Should the Israeli Supreme Court have the power to rewrite the tax code according to its notions of fairness or equality? Should it have the power to determine the allocation of monies in the national budget?
Those questions are starkly posed in one recently decided case and another that is currently pending. In the former, the Court struck down a municipal property tax discount for yeshiva students with large families. In the latter, Ministry of Religions income subsidies for yeshiva students are being challenged on the grounds that similar subsidies are not available to university students.
The obvious answer, in the abstract, to both the questions posed initially is no. The power of the purse is the greatest power belonging to the legislature in any democratic government, and there is a large presumption against tampering with that power by the other branches of government. The United States Supreme Court, for instance, has, to my knowledge, never struck down a statutory provision of the Internal Revenue Code as unconstitutional.
To understand that deference to the legislature, one must first appreciate how notoriously squishy are abstract terms like equality and fairness. Take a familiar example: the capital gains tax. Israel does not at present tax capital gains on the sales of shares purchased on local exchanges. In some sense, that exemption for capital gains is unequal. Two people with the same gross income for the year may end up paying vastly different amounts of taxes, depending on the source of their income.
Indeed the favorable treatment of capital gains advantages the rich over the poor because the latter have much more money available for speculative investments and earn a much higher percentage of their income from investments, as opposed to the sweat of their brow.
Crusaders for tax fairness often argue for a tax code free of distinctions between different types of income and with as few loopholes as possible. But it is unthinkable that the Israeli Supreme Court or any high court in the Western world would judicially strike down favorable treatment of capital gains income.
Courts recognize that such exemptions have many other purposes besides conforming to an abstract standard of fairness.
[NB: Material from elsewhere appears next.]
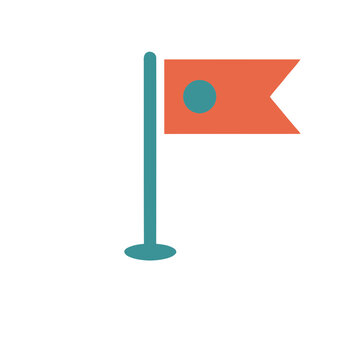 Orange flag with blue circle on pole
The Israeli capital gains exemption, for instance, boosts the development of local stock exchanges and increase the capital available to local enterprises. Other tax exemptions are designed to encourage businesses to relocate on the periphery or development towns.
It is possible to adduce policy and economic arguments against such exemptions. And even their proponents will likely concede that such exemptions are a blunderbluss instrument that inevitably benefits many who would have acted the same way even without the incentive and others who do nothing to advance the purposes of the statute. But the proper place for those arguments is in the legislature not the courts, for they turn around fundamental questions of which purposes a society chooses to advance at a particular time.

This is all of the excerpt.